Pit Bulls and Profiling
Malcolm Gladwell· (probably best known as the pop-sociologist author of The Tipping Point·) has an excellent piece in this week’s New Yorker· on what pit bulls can teach us about profiling·. The argument boils down to one about common tendencies in misinterpreting data and drawing the wrong (or “unstable”) generalizations from apparently recurrent phenomena.
Everyone’s favorite security guru Bruce Schneier· has made similar arguments in the past·, but Gladwell’s style in this case is more compelling. I particularly liked this passage about The Godfather:
In July of last year, following the transit bombings in London, the New York City Police Department announced that it would send officers into the subways to conduct random searches of passengers’ bags. On the face of it, doing random searches in the hunt for terrorists — as opposed to being guided by generalizations — seems like a silly idea. As a columnist in New York wrote at the time, “Not just ‘most’ but nearly every jihadi who has attacked a Western European or American target is a young Arab or Pakistani man. In other words, you can predict with a fair degree of certainty what an Al Qaeda terrorist looks like. Just as we have always known what Mafiosi look like — even as we understand that only an infinitesimal fraction of Italian-Americans are members of the mob.”
But wait: do we really know what mafiosi look like?
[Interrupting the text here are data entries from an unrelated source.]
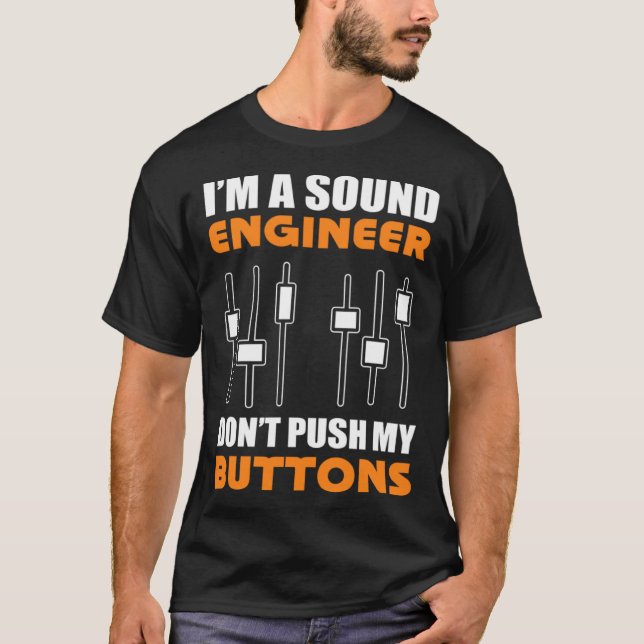 Don t Push Buttons Sound Technician T-Shirt (Front)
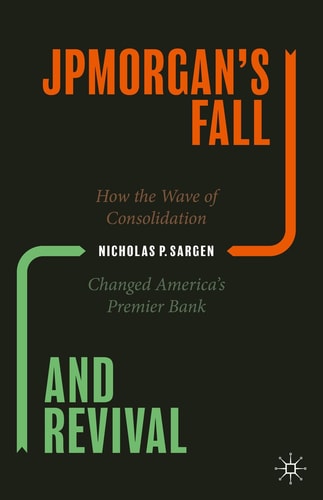 JPMorgan’s Fall and Revival How the Wave of Consolidation Changed America’s Premier Bank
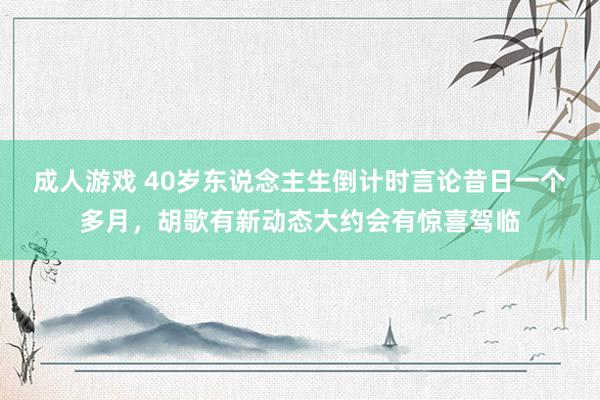 成人游戏 40岁东说念主生倒计时言论昔日一个多月，胡歌有新动态大约会有惊喜驾临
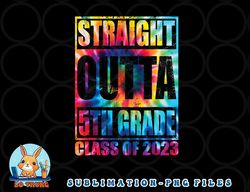 straight outta 5th grade class of 2023 graduation gift png, digital download copy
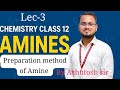 Lec-3 preparation method of Amines|class 12th chemistry|chemistry by ashutosh sir|#jee #iit #cuet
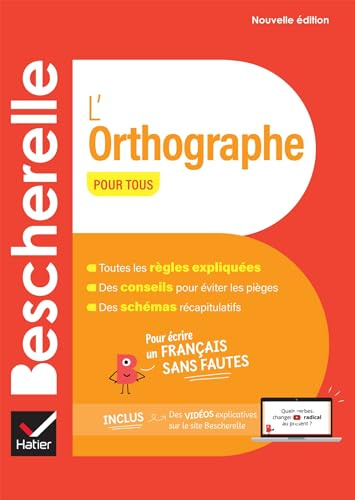 Bescherelle L'orthographe pour tous - nouvelle édition: pour écrire un français sans fautes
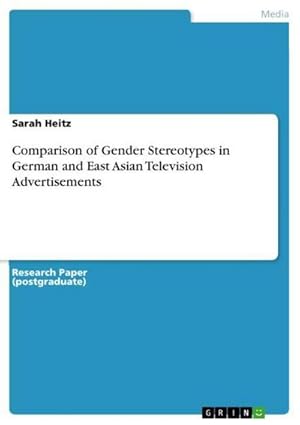 Bild des Verkufers fr Comparison of Gender Stereotypes in German and East Asian Television Advertisements zum Verkauf von AHA-BUCH GmbH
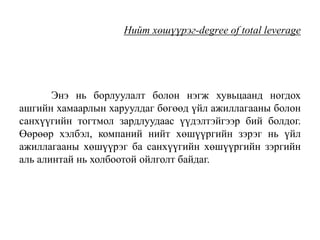 Нийт хөшүүрэг-degree of total leverage
Энэ нь борлуулалт болон нэгж хувьцаанд ногдох
ашгийн хамаарлын харуулдаг бөгөөд үйл ажиллагааны болон
санхүүгийн тогтмол зардлуудаас үүдэлтэйгээр бий болдог.
Өөрөөр хэлбэл, компаний нийт хөшүүргийн зэрэг нь үйл
ажиллагааны хөшүүрэг ба санхүүгийн хөшүүргийн зэргийн
аль алинтай нь холбоотой ойлголт байдаг.
 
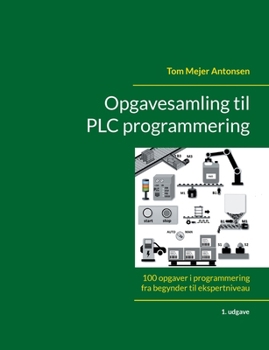 Paperback Opgavesamling til PLC programmering: 100 opgaver i programmering fra begynder til ekspertniveau [Danish] Book
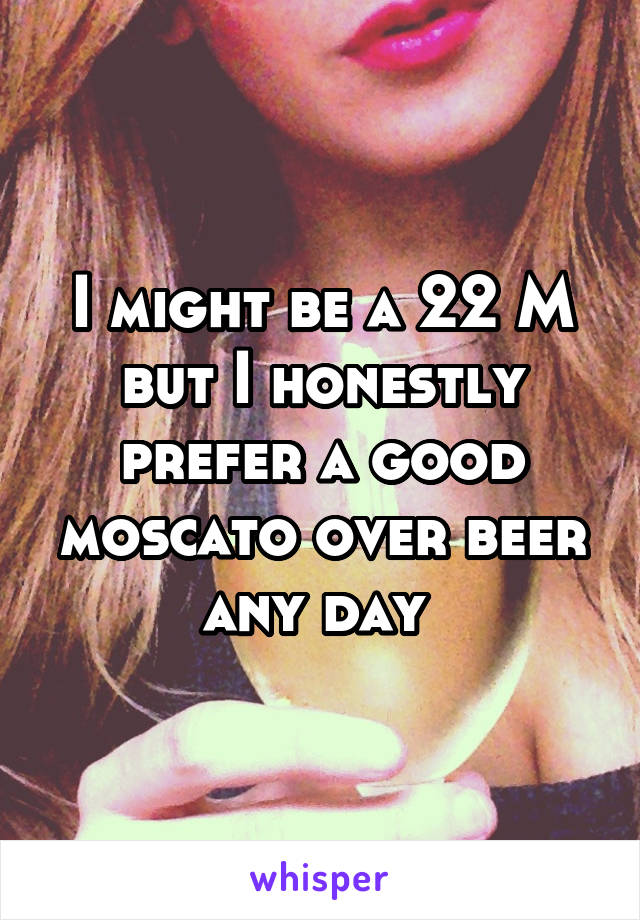 I might be a 22 M but I honestly prefer a good moscato over beer any day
In “The Godfather,” where most of us get our knowledge of the Mafia, the male members of the Corleone family were played by Marlon Brando, who was of Irish and French ancestry, James Caan, who is Jewish, and two Italian-Americans, Al Pacino and John Cazale. To go by “The Godfather,” mafiosi look like white men of European descent, which, as generalizations go, isn’t terribly helpful. Figuring out what an Islamic terrorist looks like isn’t any easier. Muslims are not like the Amish: they don’t come dressed in identifiable costumes. And they don’t look like basketball players; they don’t come in predictable shapes and sizes. Islam is a religion that spans the globe.